_Problem statement_: Filter out all lines without the word "Decor" from the data below, please, and copy the rest.

--- START ---

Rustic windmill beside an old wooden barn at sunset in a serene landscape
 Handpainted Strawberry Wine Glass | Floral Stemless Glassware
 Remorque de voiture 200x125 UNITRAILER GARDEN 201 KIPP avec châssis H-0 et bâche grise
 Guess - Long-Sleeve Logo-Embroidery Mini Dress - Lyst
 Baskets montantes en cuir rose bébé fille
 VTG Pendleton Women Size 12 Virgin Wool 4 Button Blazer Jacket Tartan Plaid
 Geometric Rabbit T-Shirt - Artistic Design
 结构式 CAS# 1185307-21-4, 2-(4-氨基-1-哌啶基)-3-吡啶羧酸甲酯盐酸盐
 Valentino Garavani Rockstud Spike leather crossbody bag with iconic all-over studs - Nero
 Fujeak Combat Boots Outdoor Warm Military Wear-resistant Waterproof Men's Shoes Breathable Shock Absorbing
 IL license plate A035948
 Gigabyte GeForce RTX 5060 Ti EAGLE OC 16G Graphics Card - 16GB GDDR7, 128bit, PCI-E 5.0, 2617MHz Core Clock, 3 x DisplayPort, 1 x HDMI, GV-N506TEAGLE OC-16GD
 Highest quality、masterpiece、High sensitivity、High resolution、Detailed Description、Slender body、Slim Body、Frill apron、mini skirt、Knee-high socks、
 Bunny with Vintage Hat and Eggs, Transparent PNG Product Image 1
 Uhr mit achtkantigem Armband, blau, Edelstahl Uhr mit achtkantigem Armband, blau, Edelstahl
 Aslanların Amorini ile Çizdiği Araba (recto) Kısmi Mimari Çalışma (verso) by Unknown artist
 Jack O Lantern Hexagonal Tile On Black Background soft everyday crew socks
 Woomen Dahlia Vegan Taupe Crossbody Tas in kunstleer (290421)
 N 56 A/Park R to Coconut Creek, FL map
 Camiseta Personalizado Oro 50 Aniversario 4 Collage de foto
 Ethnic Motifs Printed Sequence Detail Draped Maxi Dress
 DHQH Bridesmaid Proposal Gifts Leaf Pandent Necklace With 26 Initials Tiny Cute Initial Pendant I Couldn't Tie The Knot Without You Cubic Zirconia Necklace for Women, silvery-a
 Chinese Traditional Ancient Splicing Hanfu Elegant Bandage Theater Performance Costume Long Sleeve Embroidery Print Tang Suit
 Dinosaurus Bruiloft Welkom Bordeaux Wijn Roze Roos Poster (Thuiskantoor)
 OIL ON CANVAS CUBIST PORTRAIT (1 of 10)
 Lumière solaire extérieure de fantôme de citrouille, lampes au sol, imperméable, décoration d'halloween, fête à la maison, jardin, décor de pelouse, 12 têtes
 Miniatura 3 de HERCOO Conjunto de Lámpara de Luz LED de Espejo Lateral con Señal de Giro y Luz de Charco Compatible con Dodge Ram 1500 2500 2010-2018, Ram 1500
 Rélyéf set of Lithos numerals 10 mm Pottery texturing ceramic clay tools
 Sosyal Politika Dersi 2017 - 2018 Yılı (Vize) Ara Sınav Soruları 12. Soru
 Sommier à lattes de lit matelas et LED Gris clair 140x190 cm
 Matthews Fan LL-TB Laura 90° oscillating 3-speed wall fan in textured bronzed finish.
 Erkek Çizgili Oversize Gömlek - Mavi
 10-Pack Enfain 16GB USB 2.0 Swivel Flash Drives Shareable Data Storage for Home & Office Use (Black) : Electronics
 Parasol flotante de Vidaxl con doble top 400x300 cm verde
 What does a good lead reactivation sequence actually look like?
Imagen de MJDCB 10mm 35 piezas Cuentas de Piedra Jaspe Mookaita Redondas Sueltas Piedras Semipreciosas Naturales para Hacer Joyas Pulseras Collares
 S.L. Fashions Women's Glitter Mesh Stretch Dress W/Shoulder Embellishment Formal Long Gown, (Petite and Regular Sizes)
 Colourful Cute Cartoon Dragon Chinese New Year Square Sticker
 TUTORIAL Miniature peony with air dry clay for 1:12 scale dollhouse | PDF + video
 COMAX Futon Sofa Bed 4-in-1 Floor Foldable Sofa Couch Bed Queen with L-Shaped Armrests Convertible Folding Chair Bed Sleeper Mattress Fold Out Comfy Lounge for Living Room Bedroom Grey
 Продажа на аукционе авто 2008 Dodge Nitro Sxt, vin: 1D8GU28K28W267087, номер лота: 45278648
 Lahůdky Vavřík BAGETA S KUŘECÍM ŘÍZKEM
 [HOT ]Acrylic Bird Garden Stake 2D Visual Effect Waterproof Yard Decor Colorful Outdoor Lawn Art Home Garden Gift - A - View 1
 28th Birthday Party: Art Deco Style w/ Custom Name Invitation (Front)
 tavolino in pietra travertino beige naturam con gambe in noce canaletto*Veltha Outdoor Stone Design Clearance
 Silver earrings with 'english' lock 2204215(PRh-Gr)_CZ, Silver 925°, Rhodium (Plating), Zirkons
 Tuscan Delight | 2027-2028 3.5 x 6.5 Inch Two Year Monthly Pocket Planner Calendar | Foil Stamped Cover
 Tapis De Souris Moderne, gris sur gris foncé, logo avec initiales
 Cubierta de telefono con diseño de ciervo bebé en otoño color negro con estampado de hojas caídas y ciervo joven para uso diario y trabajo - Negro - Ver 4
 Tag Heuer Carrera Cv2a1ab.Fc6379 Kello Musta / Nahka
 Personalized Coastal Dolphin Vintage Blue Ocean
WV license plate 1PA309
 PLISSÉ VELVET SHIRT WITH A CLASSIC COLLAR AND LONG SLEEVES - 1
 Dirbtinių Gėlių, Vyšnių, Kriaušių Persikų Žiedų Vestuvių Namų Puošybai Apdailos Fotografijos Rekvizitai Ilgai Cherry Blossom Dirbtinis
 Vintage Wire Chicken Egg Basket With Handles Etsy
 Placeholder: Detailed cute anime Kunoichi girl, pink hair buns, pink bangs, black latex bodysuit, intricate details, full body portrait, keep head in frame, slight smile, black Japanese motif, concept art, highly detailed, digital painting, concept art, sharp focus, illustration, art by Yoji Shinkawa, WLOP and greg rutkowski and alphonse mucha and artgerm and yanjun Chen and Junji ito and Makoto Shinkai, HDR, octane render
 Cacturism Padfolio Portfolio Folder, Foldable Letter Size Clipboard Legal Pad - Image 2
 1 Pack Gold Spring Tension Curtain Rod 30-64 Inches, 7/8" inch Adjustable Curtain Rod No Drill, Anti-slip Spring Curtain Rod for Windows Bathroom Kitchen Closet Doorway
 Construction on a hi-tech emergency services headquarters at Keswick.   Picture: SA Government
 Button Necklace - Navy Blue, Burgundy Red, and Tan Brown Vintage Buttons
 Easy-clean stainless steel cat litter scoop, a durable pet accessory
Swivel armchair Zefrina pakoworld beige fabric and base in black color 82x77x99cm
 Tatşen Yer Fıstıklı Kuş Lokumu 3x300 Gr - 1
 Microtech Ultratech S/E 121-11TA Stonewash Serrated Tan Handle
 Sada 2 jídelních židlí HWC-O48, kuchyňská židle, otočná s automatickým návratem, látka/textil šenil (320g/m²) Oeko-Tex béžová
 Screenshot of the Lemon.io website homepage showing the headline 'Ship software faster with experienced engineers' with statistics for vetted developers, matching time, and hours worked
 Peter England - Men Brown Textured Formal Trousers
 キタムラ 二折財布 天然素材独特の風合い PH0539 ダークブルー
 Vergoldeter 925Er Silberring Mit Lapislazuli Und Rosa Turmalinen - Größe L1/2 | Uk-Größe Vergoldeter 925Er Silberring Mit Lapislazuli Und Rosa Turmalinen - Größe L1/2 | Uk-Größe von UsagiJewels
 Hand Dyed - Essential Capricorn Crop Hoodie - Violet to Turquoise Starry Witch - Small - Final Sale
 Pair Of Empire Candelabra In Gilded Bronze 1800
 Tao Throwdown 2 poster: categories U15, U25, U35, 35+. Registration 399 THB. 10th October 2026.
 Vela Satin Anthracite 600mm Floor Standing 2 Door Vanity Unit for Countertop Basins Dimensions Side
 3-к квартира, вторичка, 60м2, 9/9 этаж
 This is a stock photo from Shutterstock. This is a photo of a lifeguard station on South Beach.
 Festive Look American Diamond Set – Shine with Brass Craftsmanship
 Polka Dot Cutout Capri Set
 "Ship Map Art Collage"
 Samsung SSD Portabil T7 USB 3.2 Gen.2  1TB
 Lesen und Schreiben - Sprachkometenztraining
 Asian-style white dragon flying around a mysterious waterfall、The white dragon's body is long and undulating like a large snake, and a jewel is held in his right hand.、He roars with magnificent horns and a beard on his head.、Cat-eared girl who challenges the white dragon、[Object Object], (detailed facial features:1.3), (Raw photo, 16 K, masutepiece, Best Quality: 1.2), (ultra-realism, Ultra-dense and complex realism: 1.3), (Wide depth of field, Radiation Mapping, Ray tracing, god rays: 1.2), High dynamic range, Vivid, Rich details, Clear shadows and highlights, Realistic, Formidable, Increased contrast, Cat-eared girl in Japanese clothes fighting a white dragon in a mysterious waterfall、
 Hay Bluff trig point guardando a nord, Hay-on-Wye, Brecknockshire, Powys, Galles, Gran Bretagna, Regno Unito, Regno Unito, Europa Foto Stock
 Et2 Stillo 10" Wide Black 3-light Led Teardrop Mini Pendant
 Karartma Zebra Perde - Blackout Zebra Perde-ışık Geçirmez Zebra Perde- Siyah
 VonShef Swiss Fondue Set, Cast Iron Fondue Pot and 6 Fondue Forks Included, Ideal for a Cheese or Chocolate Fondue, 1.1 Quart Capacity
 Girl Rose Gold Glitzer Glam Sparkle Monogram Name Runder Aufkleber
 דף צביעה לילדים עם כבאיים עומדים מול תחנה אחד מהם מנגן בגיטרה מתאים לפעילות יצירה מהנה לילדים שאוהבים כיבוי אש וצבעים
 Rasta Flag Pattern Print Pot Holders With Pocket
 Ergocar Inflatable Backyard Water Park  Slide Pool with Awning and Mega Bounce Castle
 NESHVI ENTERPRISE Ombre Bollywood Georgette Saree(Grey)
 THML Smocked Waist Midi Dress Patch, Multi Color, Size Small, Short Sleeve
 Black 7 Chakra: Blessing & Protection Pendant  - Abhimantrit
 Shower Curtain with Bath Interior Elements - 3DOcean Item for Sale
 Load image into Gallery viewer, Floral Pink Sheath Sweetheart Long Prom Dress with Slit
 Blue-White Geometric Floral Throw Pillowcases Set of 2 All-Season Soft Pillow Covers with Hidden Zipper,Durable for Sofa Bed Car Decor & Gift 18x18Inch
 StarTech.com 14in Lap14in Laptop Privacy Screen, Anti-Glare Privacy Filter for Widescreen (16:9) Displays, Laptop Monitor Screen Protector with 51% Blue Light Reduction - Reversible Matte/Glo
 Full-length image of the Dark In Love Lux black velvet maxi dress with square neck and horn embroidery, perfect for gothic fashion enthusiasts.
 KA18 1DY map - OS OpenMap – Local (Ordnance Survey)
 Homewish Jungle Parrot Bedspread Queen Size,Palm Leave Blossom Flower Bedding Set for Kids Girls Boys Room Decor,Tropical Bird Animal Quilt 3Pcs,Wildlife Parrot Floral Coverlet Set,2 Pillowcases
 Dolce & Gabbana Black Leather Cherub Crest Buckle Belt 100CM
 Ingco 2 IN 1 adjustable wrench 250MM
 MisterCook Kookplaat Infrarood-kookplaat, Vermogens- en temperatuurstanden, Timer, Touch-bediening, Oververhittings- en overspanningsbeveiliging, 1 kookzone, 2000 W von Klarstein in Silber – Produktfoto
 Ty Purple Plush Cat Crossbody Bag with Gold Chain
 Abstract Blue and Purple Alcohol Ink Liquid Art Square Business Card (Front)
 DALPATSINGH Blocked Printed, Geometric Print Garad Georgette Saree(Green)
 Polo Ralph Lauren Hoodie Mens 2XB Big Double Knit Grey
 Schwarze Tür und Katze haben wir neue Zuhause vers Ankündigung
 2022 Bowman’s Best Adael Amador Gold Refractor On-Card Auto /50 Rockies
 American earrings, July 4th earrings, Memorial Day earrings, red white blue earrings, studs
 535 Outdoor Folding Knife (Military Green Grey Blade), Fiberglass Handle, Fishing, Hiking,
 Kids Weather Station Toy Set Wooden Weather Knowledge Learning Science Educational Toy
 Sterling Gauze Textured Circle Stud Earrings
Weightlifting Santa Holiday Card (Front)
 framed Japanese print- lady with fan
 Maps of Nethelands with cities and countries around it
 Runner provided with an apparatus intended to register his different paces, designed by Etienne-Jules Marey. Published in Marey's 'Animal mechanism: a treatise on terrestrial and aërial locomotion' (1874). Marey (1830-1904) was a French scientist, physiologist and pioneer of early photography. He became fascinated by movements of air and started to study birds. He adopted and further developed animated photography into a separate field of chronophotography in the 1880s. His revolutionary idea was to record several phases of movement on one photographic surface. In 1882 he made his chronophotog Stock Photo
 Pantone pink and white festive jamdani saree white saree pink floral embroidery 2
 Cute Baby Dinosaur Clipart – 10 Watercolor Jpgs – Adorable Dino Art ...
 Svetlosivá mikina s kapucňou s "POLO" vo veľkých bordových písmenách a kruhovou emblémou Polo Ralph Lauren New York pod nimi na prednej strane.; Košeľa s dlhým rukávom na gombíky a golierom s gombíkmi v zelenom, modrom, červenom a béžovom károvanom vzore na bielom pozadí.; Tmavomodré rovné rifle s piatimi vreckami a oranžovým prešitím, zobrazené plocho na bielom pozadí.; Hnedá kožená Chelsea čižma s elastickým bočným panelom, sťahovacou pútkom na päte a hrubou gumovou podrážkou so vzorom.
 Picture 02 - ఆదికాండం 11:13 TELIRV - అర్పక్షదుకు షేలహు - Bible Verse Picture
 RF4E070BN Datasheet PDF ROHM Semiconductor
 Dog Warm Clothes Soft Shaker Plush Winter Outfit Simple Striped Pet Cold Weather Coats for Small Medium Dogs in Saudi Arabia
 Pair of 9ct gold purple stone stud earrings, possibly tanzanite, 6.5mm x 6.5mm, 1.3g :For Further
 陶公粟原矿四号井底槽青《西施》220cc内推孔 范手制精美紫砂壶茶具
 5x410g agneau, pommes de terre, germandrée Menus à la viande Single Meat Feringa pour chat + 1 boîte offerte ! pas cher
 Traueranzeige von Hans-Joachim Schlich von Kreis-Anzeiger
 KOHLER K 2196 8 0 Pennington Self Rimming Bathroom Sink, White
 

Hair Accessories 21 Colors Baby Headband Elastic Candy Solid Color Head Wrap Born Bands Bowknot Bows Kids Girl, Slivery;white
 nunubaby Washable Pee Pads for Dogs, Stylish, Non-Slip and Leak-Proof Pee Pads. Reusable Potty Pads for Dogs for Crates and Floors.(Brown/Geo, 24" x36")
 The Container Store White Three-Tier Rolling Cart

--- END ---

_Answer area_:
 [HOT ]Acrylic Bird Garden Stake 2D Visual Effect Waterproof Yard Decor Colorful Outdoor Lawn Art Home Garden Gift - A - View 1
 Blue-White Geometric Floral Throw Pillowcases Set of 2 All-Season Soft Pillow Covers with Hidden Zipper,Durable for Sofa Bed Car Decor & Gift 18x18Inch
 Homewish Jungle Parrot Bedspread Queen Size,Palm Leave Blossom Flower Bedding Set for Kids Girls Boys Room Decor,Tropical Bird Animal Quilt 3Pcs,Wildlife Parrot Floral Coverlet Set,2 Pillowcases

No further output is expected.